The Clockmaker’s Daughter is a bit of a break in the norm for her. While in most ways, it is like her previous novels, it is also more focused on a specific place than the others. Her other novels were very much about family, with a daughter making discoveries about her mother, or a granddaughter unraveling ancient family secrets. In comparison, this novel is the story of a house, and Morton explores more time periods, interweaving many more minor characters, who spend various important periods of their lives at that house as they retreat from society.
The two main characters, though, are Elodie Winslow and Birdy. Elodie is the modern day character. She is about to get married, and her life is fine, but there is a certain unnamed discontent. She should be ecstatic about planning her wedding, but she keeps putting it off. When she discovers a picture of a mysterious woman at work (she works in the archives for a company), she is fascinated and starts trying to determine her history, leading to a summer in the 1860s with artists, a mysterious disappearance and a robbed family heirloom.

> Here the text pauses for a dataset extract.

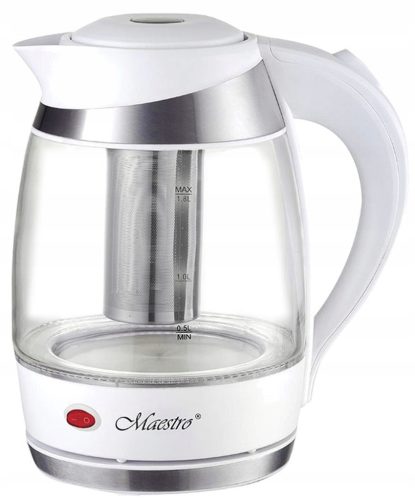  Maestro MR-065 kuhalo za vodu 1,8 l 2200W Stakleni infuzer bijeli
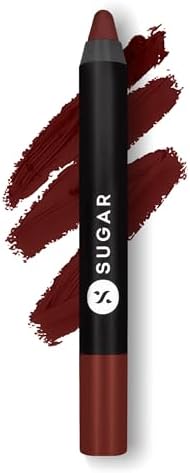 SUGAR Cosmetics Matte As Hell Crayon Lipstick 13 Murphy Brown (Chocolate Burgundy) with fr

Birdy, the young woman from the picture, was part of the artists retreat that summer, and she was the muse of the artist and house owner, Edward Radcliffe. There are flashbacks to Birdy’s life, and she is very easy to like, making the reader wonder what really happened that night. There is simply no way the public record of what happened aligns with the Birdy the reader knows.
And that is the one other main difference between this and other Morton novels – this is a ghost story. Morton writes amazing Gothic stories, but she has never ventured into the supernatural part. As a ghost, Birdy is more of an observer rather than someone that is part of the story, but I enjoyed having her voice throughout.
Still, it took me a bit to get into this one, and I think it was because it wasn’t quite what I was expecting from a normal Morton novel given that the flashbacks covered more time periods than normal. Overall, I still enjoyed it, but it did take me a bit longer to get into given the slight subversion of expectations.